Tailgates, houses, post prom parties, pre-parties, frat houses, bars, supervised parties, dorm rooms, bedrooms…binge drinking has and continues to happen in these places. Scary fact is this list is merely the tip of the iceberg. Binge drinking is more prevalent today among high school students and college-age young adults than ever before. Blame it on some stigma portraying the honorable ability of out drinking another person. Blame it on younger children drinking. Place fault where you please; the bottom line is that it’s out there.

Up Close and Personal

”He looked really bad, and even though they didn’t want me to take him in, I knew I had to.“ Trent stepped up and demanded that his overly intoxicated friend needed to go to the hospital. His buddy was thirty minutes away from death. The weapon, alcohol.

”The worst part wasn’t knowing that I almost died, it was when I came to. There sat my dad…crying. He just walked out of the room, unable to even speak to me,“ Nikki recalls from her freshman year of college after coming out of a three-day binge-drinking induced coma.


What’s binge drinking called on the street?

  • Power hour
  • Keg stand
  • 21 shots before bar close
  • Double fisting
  • Beer bong
  • Shotgun
  • Waterfall
  • Speed

The Consequences

Alcohol poisoning—a severe and potentially fatal physical reaction to an alcohol overdose—is the most serious consequence of binge drinking. When excessive amounts of alcohol are consumed, the brain is deprived of oxygen. The struggle to deal with an overdose of alcohol and lack of oxygen will eventually cause the brain to shut down the voluntary functions that regulate breathing and heart rate.
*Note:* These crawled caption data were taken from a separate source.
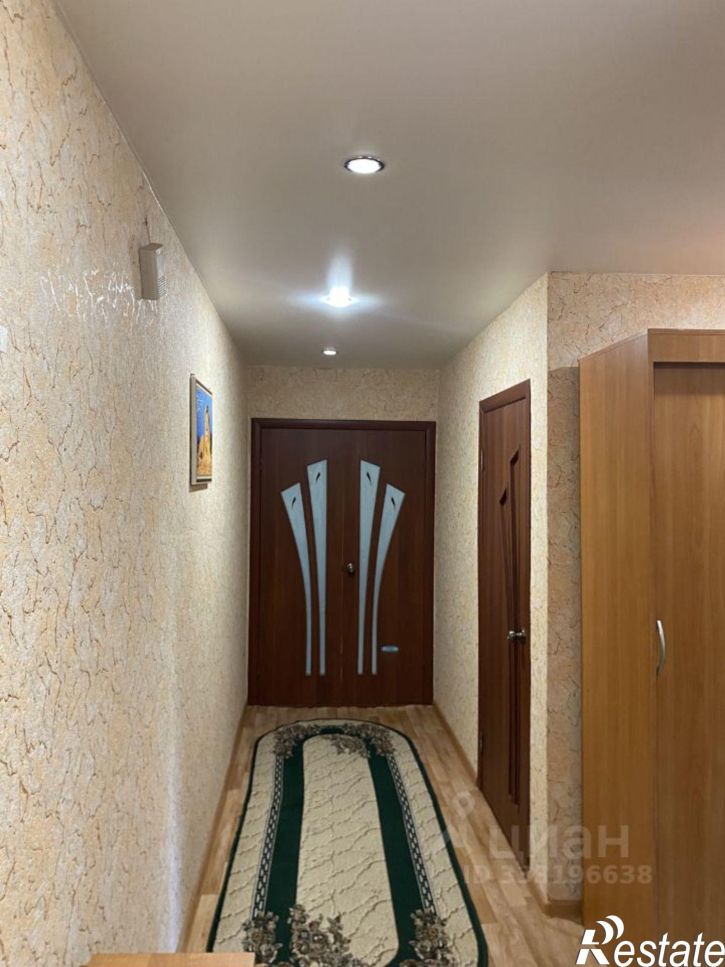2-комн квартира Ставрополь, улица Селекционная станция, 7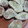 El cooksnap de Maria cuando hizo Patatas asadas al horno.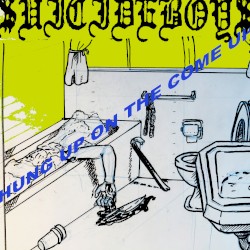 HUNG UP ON THE COME UP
If a person is known to have consumed large quantities of alcohol in a short period of time, symptoms of alcohol poisoning include:

  • Vomiting
  • Unconsciousness
  • Cold, clammy, pale, or bluish skin
  • Slow or irregular breathing

Secondary Effects

In schools with high binge drinking rates…

  • 34 percent of non-binge drinkers reported being insulted or humiliated by binge drinkers
  • 13 percent reported being pushed, hit, or assaulted
  • 54 percent reported having to take care of a drunken student
  • 68 percent were interrupted while studying at night
  • 26 percent of women experienced an unwanted sexual advance

More facts

  • Binge drinking, often beginning around age 13, tends to increase during adolescence, peak in young adulthood (ages 18 to 22), then gradually decrease.
  • Binge drinking during the past 30 days was reported by 8 percent of youth ages 12 to 17 and 30 percent of those ages 18 to 20.
  • Among persons under the legal drinking age, 15 percent were binge drinkers
  • About 10.4 million adolescents ages 12 to 20 reported using alcohol. Of those, 5.1 million were binge drinkers, of which 2.3 million were heavy drinkers that binged at least five times a month.